Name: Anonymous 2013-06-29 1:10

Information and Entropy

Any information that results from an observation, a measurement, or an experiment, and that tells us only what we already know, produces no change in the number of possible responses; it does not diminish our uncertainty. The lower the probability that a message or an event will occur, the greater is the information carried by that message. The information obtained by drawing the correct response the first time (I = 32/1) is the inverse of the probability of obtaining this response before the drawing is made, or before the message is received (P = 1/32). Probability and entropy are related by statistical theory (see p. 102). By bringing together the different mathematical expressions, we can see that information is the inverse of the entropy of the physicists- it is the equivalent of an antientropy. The term neguentropy, negative entropy, has been proposed to identify this important property. Information and neguentropy are therefore the equivalents of potential energy.

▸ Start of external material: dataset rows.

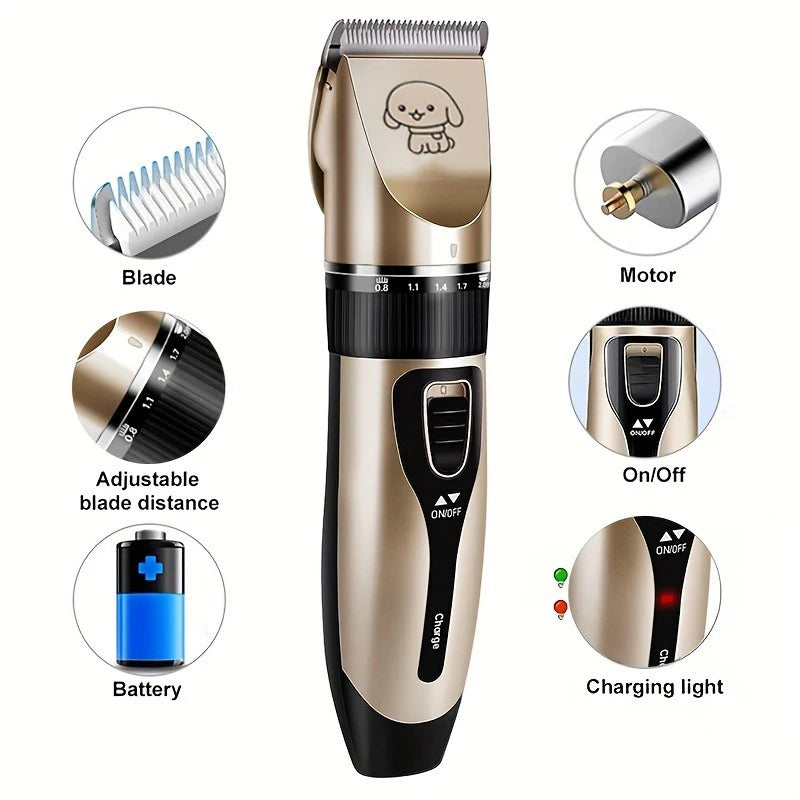 Pet Hair Trimmer Kit Electric Precision Clippers for Professional Grooming at Home Ideal for Dogs and Cats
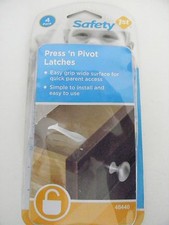 Safety 1st Press N Pivot LATCHES Pkg of 4 Protects small children Secure  Safe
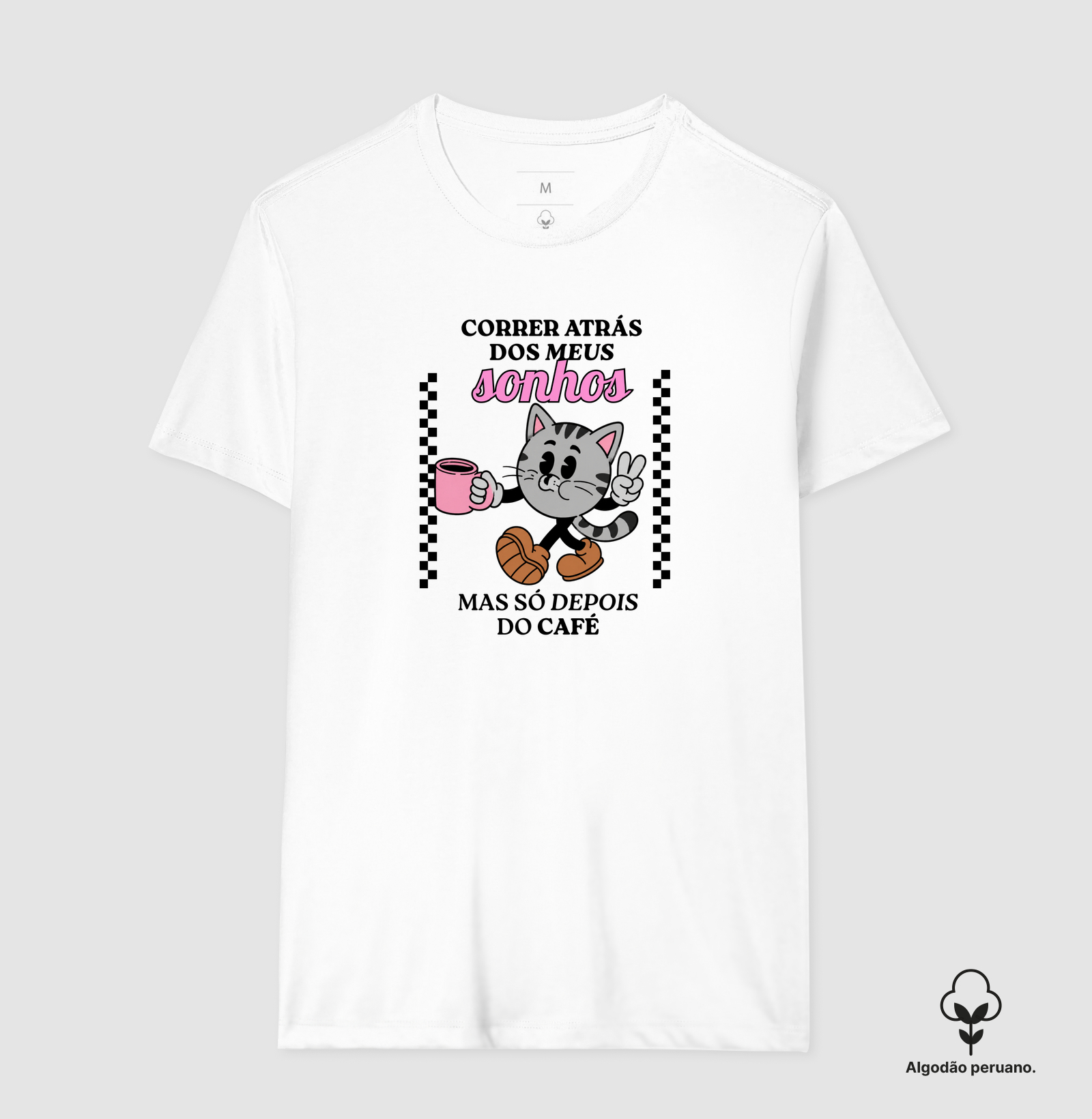 Gato Vintage "Sonhos e Café" - Imagem 2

The alliance goes further. By choosing suitable constants and values one can express information in thermodynamic units and relate it directly to entropy. We can then calculate the smallest expense of energy needed to generate one bit of information. To obtain an amount of information equal to one bit, we must degrade in entropy a very low but finite and therefore significant quantity of the energy of the universe.


This important finding has led physicists like Leon Brillouin to generalize Carnot's principle in such a way as to express the indissoluble relationship that exists between information acquired by the brain and the variation of entropy in the universe: Every acquisition of knowledge based on an observation or a physical measurement obtained with the help of an instrument uses energy in the laboratory--and therefore some of the energy of the universe.[2]

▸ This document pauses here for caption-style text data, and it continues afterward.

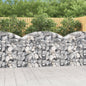 Cesto de gabião em forma de arco, ferro galvanizado 100x30x40/60 cm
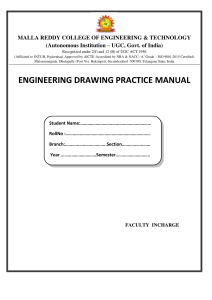 Engineering Drawing Practice Manual for B.Tech Students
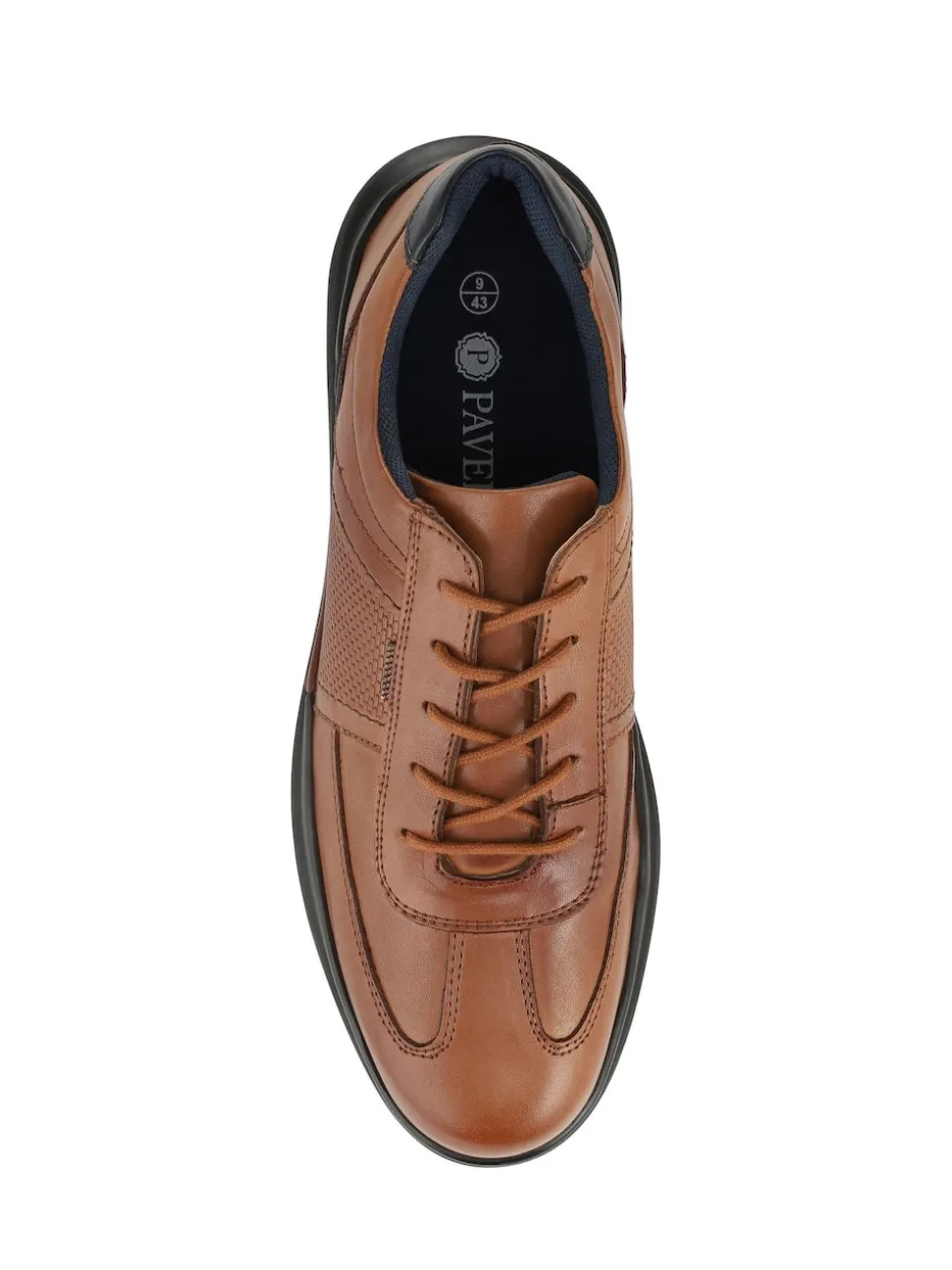 Pavers Brown Lightweight Casual Lace Up Shoes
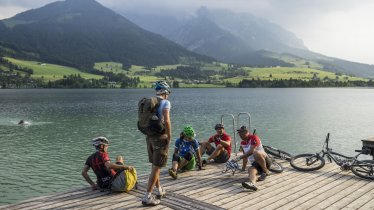 Drei-Kaiser-Rundtour: Streckenabschnitt am Walchsee, © Tirol Werbung/Peter Neusser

 Consider an example. The reading of this page involves several elements: the text (printed in black on the paper) ( see notes ), a source of light (natural or artificial), the eye, and the brain. The lamp is the source of neguentropy. It emits a flow of light that is refracted on the succession of black and white segments of the printed words and modulates the light beam that strikes the eye. The eye receives the message and the brain decodes and interprets it. Thus the reader's brain has acquired information. But this must be paid for in energy: the watts of the lamp in exchange for the 24,000 bits of information on the printed page.